3. At what order-of-magnitude size might being GPU-native break down? (Can CUDA dynamically load new code modules into an existing process? That used to be problematic years ago)
Thinking about what's possible, this looks like an exceptionally fun project. Congrats on working on an idea that seems crazy at first glance but seems more and more possible the more you think about it. Still it's all a gamble of whether it'll perform well enough to be worth writing applications this way.
1. The GPU owns the control loop And the only sparingly kicks to the CPU when it can't do something.
2. Yes
3. We're still investigating the limitations. A lot of them are hardware dependent, obviously data center cards have higher limits more capability than desktop cards.
Thanks! It is super fun trailblazing and realizing more of the pieces are there than everybody expects.
Pedantic note: rust-cuda was created by https://github.com/RDambrosio016 and he is not currently involved in VectorWare. rust-gpu was created by the folks at embark software. We are the current maintainers of both.
We didn't post this or the title, we would never claim we created the projects from scratch.
Yes, it is all these folks getting together and getting resources to push those projects to the next level: https://www.vectorware.com/team/
wgpu, ash, and cudarc are great. We're focusing on the actual code that runs on the GPU in Rust, and we work with those projects. We have cust in rust-cuda, but that existed before cudarc and we have been seriously discussing just killing it in favor of cudarc.
We are investing in them and they form the basis of what we are doing. That being said, we are also exploring other technical avenues with different tradeoffs...we don't want to assume a solution merely because we are familiar with them.
Yeah, there is way more prior art. We were doing this at FB early (here is a talk from 2014 mentioning it but it was much earlier: https://www.infoq.com/presentations/facebook-release-process...) and we definitely did not invent it...it was already the industry standard for large CI.
The underlying projects support loading at runtime, so you could have as many AOT compiled kernel variants and load the one you want. Disk is cheap. You could even ship rustc if you really wanted for "JIT" (lol), but maybe not super crazy as mojo is llvm based anyway.
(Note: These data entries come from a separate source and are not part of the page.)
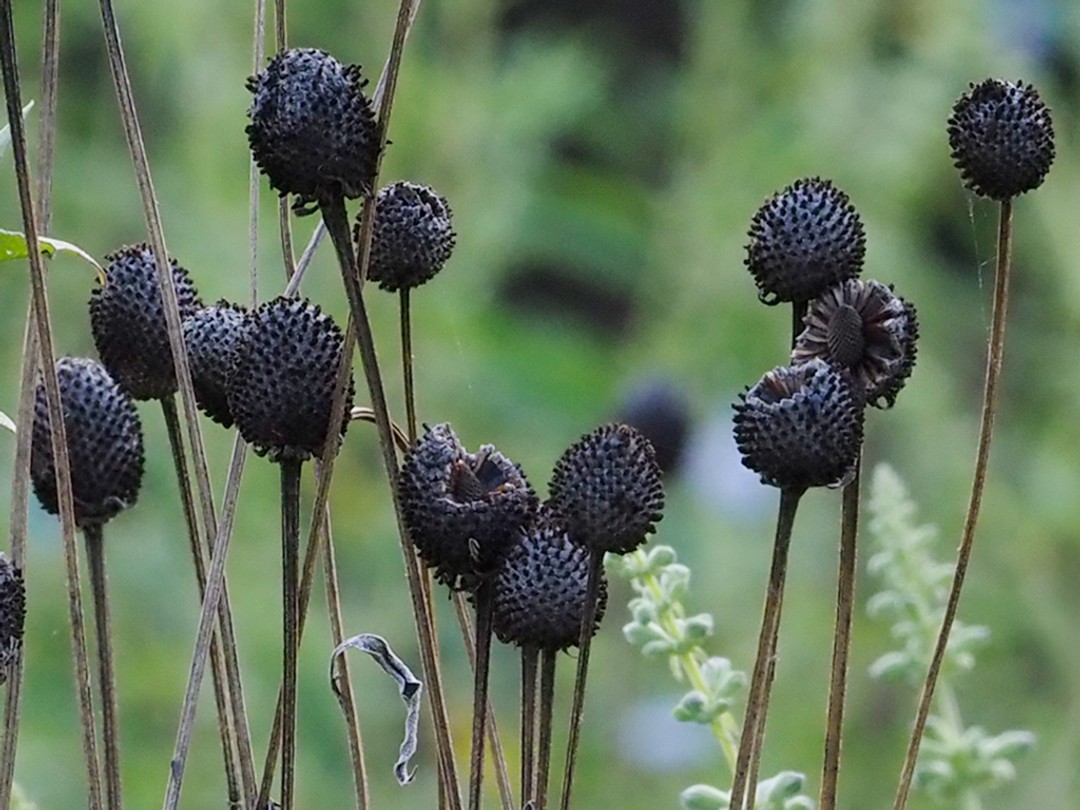 Ripe seed heads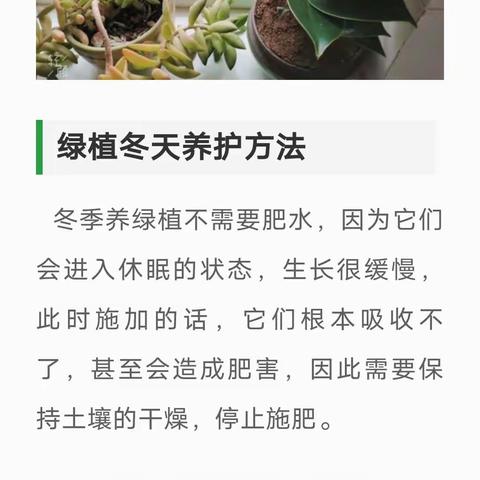 冬日植物的养护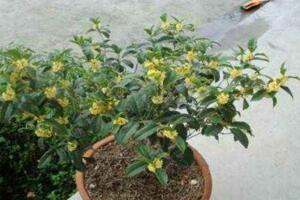 生长期中家庭花卉最易受到哪些病虫害威胁?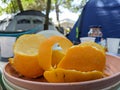 Orange peel on plates after meal at a campsite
There is of course the warmup / stuttering problem, but that is a separate issue and (sometimes) not an issue for compute vs graphics where it is a bigger issue. I have some thoughts on how to improve the status quo with things unique to Rust but too early to know.
One of the issues with GPUs as a platform is runtime probing of capabilities is... rudimentary to say the least. Rust has to deal with similar stuff with CPUs+SIMD FWIW. AOT vs JIT is not a new problem domain and there are no silver bullets only tradeoffs. Mojo hasn't solved anything in particular, their position in the solution space (JIT) has the same tradeoffs as anyone else doing JIT.
> The underlying projects support loading at runtime, so you could have as many AOT compiled kernel variants and load the one you want.
I'm not sure I understand. What underlying projects? The only reference to loading at runtime I see on the post is loading the AOT-compiled IR.
> There is of course the warmup / stuttering problem, but that is a separate issue and (sometimes) not an issue for compute vs graphics where it is a bigger issue.
It should be worth noting that Mojo itself is not JIT compiled; Mojo has a GPU infrastructure that can JIT compile Mojo code at runtime [1].
> One of the issues with GPUs as a platform is runtime probing of capabilities is... rudimentary to say the least.
Also not an issue in Mojo when you combine the selective JIT compilation I mentioned with powerful compile-time programming [2].